I have an mmo written in three.js (titansoftime.com) and just created a new ambitious forest zone. There are many trees of 2 different varieties scattered throughout the zone. Mostly the scattering is uniform, except in 2 spots on opposite ends of the map, where they are more clustered together in groups of about 30. Each type of tree shares the same geometry and material.
On one end I have roughly 30 trees which are skinny with small leaves at about 2100 polygons, and on the other send of the zone I have the same amount which are much thicker looking with larger leaves at about 1800 polygons.
I would expect the scene to run maybe a little faster with the lower poly thick trees. Nope, not completely wrong. The scene view with the skinny trees in frustum renders at about 52fps on my Android Galaxy S7 and of course at 60fps on my desktop (AMD A10 cpu (old, i know), a Geforce 1060, and 16GB RAM).
On my desktop I have all settings maxed out (nice reflective water, anisotropic filtering, particles, antialiasing etc.). On mobile I have all that turned way down or off.
The scene with the lower poly trees which are modeled to have thicker trunks and larger leaves render’s at 15fps on my Android, and a dismal 30fps on my desktop. What the heck?
Now, I have those tree meshes scaled at 20x, when I make them tiny at 5x, everything runs MUCH faster. It’s also surprising to me that even with all the smaller leaf trees within camera frustum, it still runs faster than when looking at the larger leaf trees with about roughly a third of the trees in frustum.
So it appears to me, the more screen pixels a single mesh takes up, the much more significant the performance hit, regardless of polygon count. If it’s not due to screen projection, I am at a total loss.
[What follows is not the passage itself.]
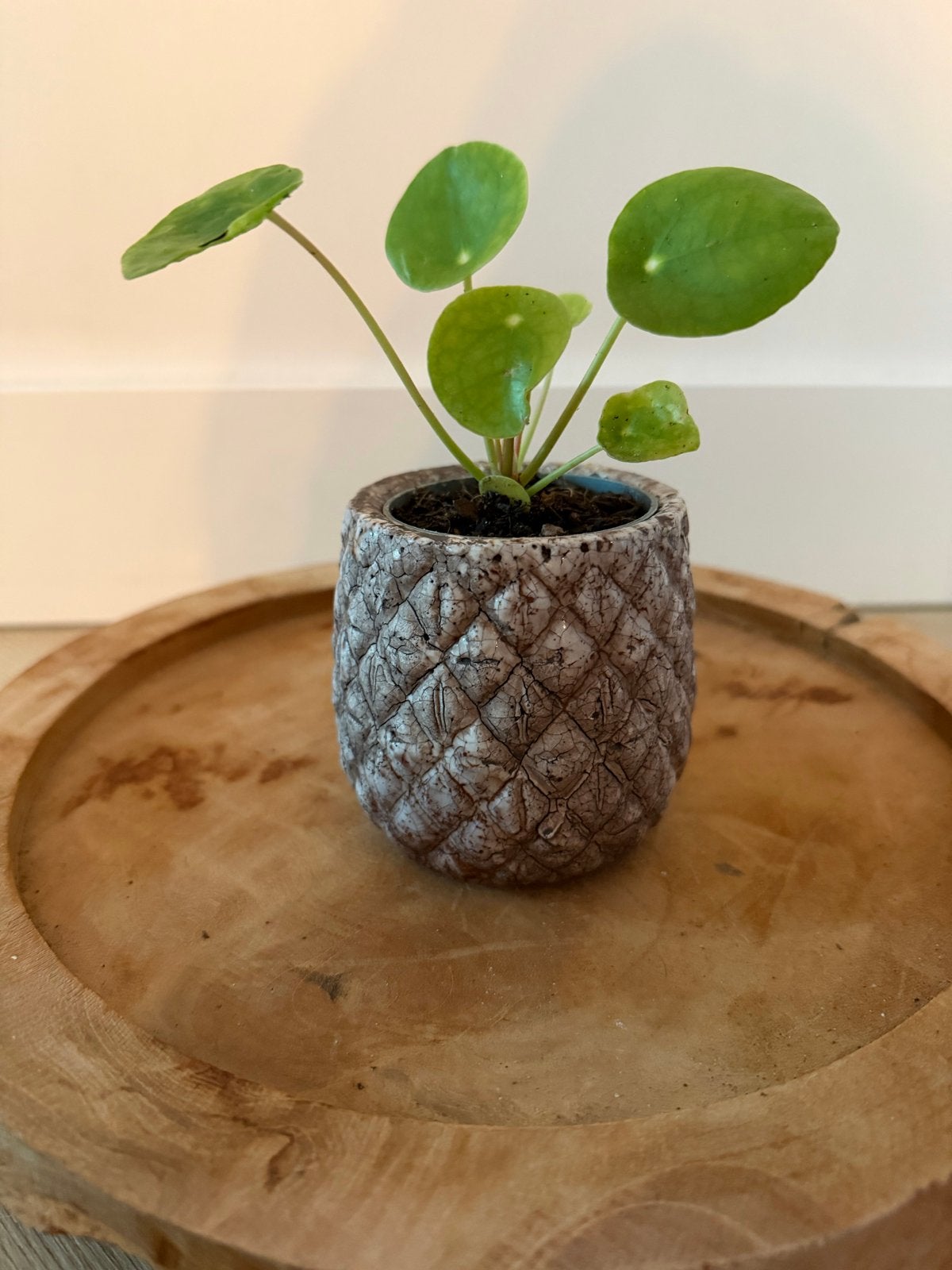 Bloempot met pannenkoekplantje - Bruin/Wit, 8 cm hoog, Huis en Inrichting, Overige soorten, In pot, Minder dan 100 cm, Groene kamerplant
Is this correct, is this to be expected?
The only difference I see using Chromes Performance monitor is a significant increase in cpu usage and an increase in the time it takes to run the (recalling from memory) the project objects and render objects functions when looking at the thicker looking trees. I’m not great at interpreting this data, especially using larger libraries so I’m not super sure about this.
I find my only solution is to either make the trees smaller or take some out, which I really don’t want to do ( I mean there are only about 30 on each side).
Will Instanced Geometry help? I kind of doubt it myself as it doesn’t seem like a draw call issue.
I don’t have a fiddle ready yet (my app is pretty involved and difficult to pull components out of). But I will work on setting one up. In the meantime, any insight?
Edit* Here is the fiddle: http://jsfiddle.net/titansoftime/hxn62d6p/
I can reproduce the behavior on my Galaxy S7 in the fiddle, when looking at the big leaf trees a scene takes about 30ms to render (especially when looking up at the leaves), when looking the opposite direction at the lighter looking trees it runs in about 15ms. On my desktop, I see no difference in this particular example, as it’s pretty lightweight. However as noted, when in the actual game on my desktop with high settings, it is noticeable.
Changing the scale has a huge effect. The smaller, the faster.
Edit* It is SUPER noticeable on my old crappy work desktop. When looking at the “big” trees: 180-220ms, smaller trees: 50-60ms.
Big Trees
Small Trees
Again, I’m not sure if this is a bug. Maybe this is expected behavior. I certainly hope it’s a bug because the effect is significant and a major bummer.
Thanks in advance for any assistance.